Spendata handles all of these situations, and more, because it maintains inter-dimension dependencies analogous to the dependencies maintained by Excel. It goes even further, allowing dependencies on individual cells in data views, user inputs, or script-generated data. When complex decisions are required, Spendata's derivation process is easily extended with user-generated javascript, whose inputs are other dimensions, value cells, user inputs, and so on, across datasets.
This means that a single mapping operation, or a user input, can cause a ripple effect of derivations, mappings, and so on propagating through the entire workspace, just like a spreadsheet.
For more, see:
- A Database That Responds Like a Spreadsheet
- Databases Should Perform Like Spreadsheets
- Closing the Analysis Gap
Mapping
Most vendors focus on commodity mapping, since that is the first and most common use of mapping in spend analysis. However, it is only the beginning of the mapping (aka segmentation) that is necessary to understand, manage, and reduce spending usefully.
Spendata's mapping tools allow mapping of any dimension, not just Commodity, with tools of unequalled flexibility. Mapping can occur at any time, and mapping changes are applied and reflected in real time. Mapping is not an offline process in Spendata — it is part of the tool set and something that users do all the time, not just once every refresh period.
Spendata's commodity mapping uses first-generation AI (heuristics and knowledge bases) to family Vendors and map them to commodities. Those knowledge bases can be extended by users with Spendata tools as required. Mappings from this process are "good" mappings: they can be trusted to be directionally correct. Users can then (optionally) apply Spendata's genAI mapping facility, which uses generative AI (the best public model we can find) to map the remaining vendors.
GenAI mappings are identified to users and can then be vetted with Spendata tools specifically designed for this purpose. This vetting is necessary because of genAI's propensity to invent answers and truths. Trusting AI to produce accurate mappings is unwise, since the fallout from an inaccurate mapping can jeopardize an entire initiative: imagine the situation where an egregious mapping error is identified by a stakeholder not fully supportive or skeptical of the mission.
For more on mapping, see:
The Refresh Process
Spendata enables a data team to perform initial data loading, derive dimensions, generate data mappings, link data, model, and perform complex analysis through easy-to-use interfaces. When the next month of data arrives, all these transformations are applied automatically by Spendata. Spendata tracks all the transformations with rules and keeps track of all the dependencies. When new data is added, all these rules are applied in sequence, so the entire logic path is automatically applied without any intervention. Complex calculations and models are also automatically updated for instant access.
Spendata tracks where each field in each transaction came from and how each transformation was applied. This means that a user can know exactly why spending is treated a certain way. This is not easily done in a spend analysis system that uses separate processes for ETL, data transformation, and data analysis, and then displays its results using a standard BI tool.
Linking data
Databases have been linking data tables together since the advent of relational databases fifty years ago. Linking seems easy: identify a common key in the raw data, and link on the key. Any database or BI tool (and even Excel, with VLOOKUP) can do this.

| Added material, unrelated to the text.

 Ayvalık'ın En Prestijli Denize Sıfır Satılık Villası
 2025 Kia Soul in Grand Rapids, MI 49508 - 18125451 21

But it turns out that linking "database style" on raw data keys is a poor idea unless the data is perfect. In messy business data, it is uncommon for raw data keys to link usefully. This is why Spendata links on derived dimensions, never on raw data. Of course, in order for that to work, dependencies have to be maintained between the link and the derivations of the dimensions in the linked datasets. Spendata maintains those, too.
Here's an example of why this is important. In the following example, if we link by Vendor (raw data), then we end up with a poor linkage of little value:
On the other hand, if we link on the Vendor Parent from both sides, which is a derived and mapped (familied) dimension, we get a much more useful match:
Here's how linking on derived dimensions allows for easy linking of contract data with spend data:
Modeling
In a BI or database system, models are difficult to build. Custom programming is required, and dependency maintenance is nearly impossible.
In Spendata, however, where dependencies are automatically maintained by the system, reactive models can be built quickly and easily. By changing one mapping, for example, the entire analysis can be altered in real time. Since dependencies can be created on individual value cells in data displays — just as in a spreadsheet — the very act of filtering a dimension can change everything in the dependency path.
Models at database scale cannot be built in spreadsheets, but they can in Spendata.
When data is refreshed, all of the transformations, choreographed by the dependency system, are applied in sequence, so the new data is automatically derived, mapped, and so on. Any Spendata cube can be rebuilt from scratch — for example, remove all the data from the cube, add it back, and you will end up with exactly the same cube.
For more, see:
- Dynamic Mapping and Derivation: The Next Step in Spend Analysis
- The Joy of Mapping: Modeling at Database Scale
Inheritance: Sharing cubes usefully
It's impossible to satisfy every consumer of spend data with a single, centrally-mapped, read-only spend cube. The reasons are many, but the most important one is this:
Different stakeholders have different analysis needs.
- The IT group might want to understand its total spend with a particular vendor. But a centralized spend cube cannot provide this information, because some purchases are made through distributors and others directly with the vendor. More data needs to be incorporated into the analysis, in this case invoice detail from the distributors.
- Facilities has contracted with a services vendor for janitorial work, security, and outdoor maintenance. But there is uncertainty as to whether the rates actually being charged are the negotiated rates. Invoice data and contracted rates from the vendor must be included in order to perform the analysis. This information isn't available from a centrally-maintained cube of accounting system data.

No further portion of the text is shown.